> _Exercise details_:
For the data below, retype word for word the lines from the one containing "Fresh strawberries on the farm!" through the one containing "Ordu&rsquo;da fındık hasadında"; drop the pictures.

> _Available data_:
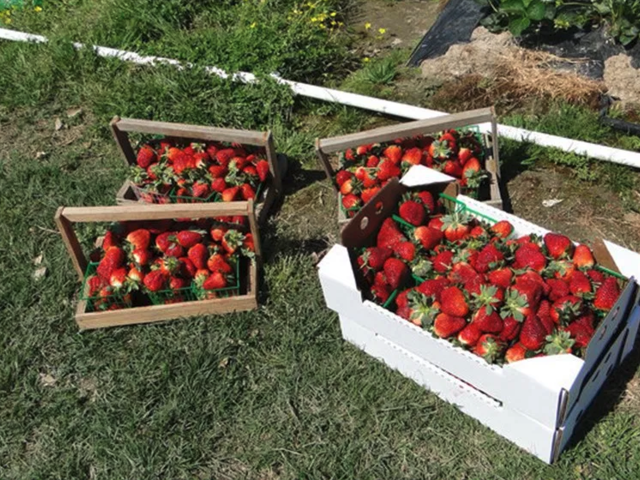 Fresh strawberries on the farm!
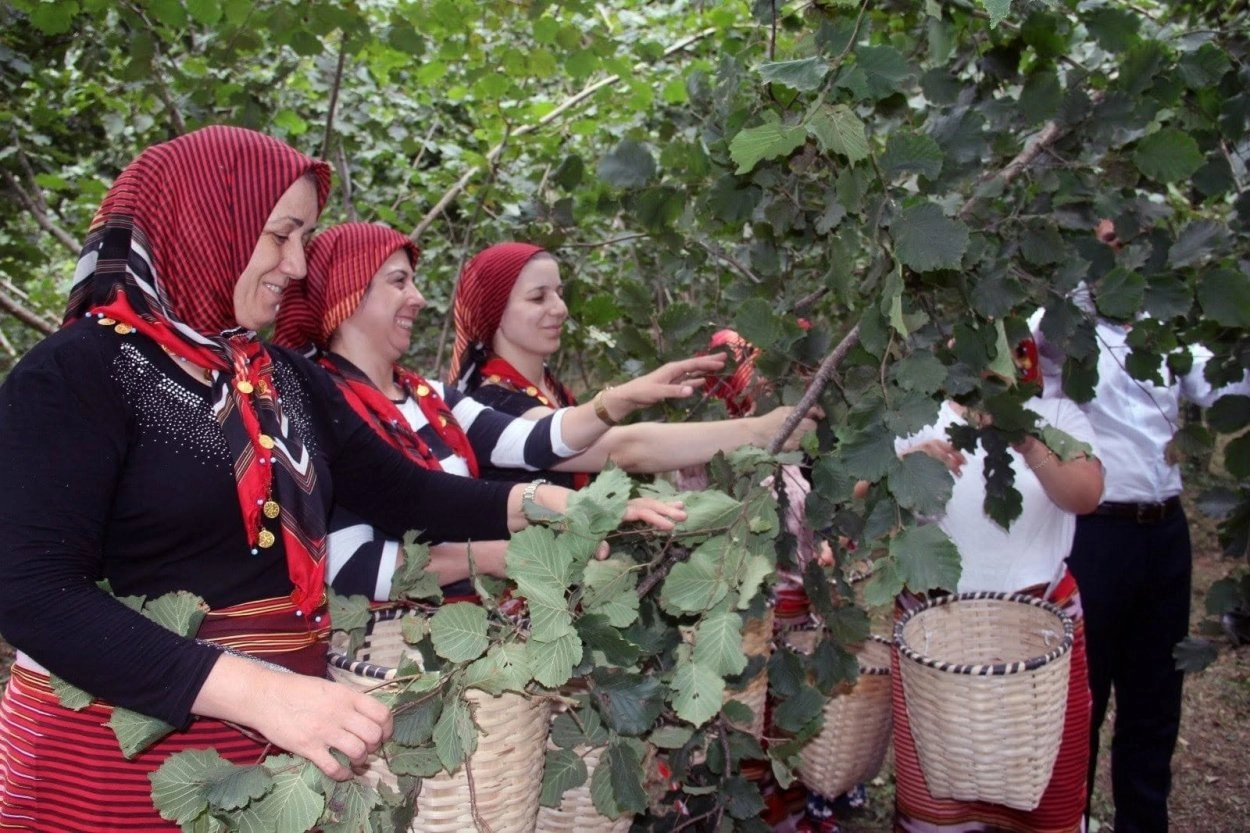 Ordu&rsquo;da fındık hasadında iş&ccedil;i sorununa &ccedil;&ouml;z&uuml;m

--

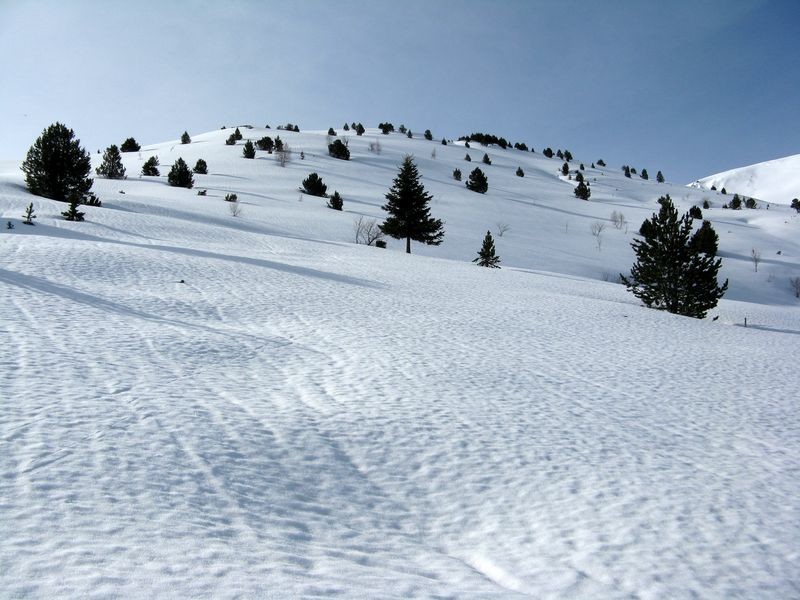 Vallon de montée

> _Answer to the problem_:
 Fresh strawberries on the farm!
 Ordu&rsquo;da fındık hasadında iş&ccedil;i sorununa &ccedil;&ouml;z&uuml;m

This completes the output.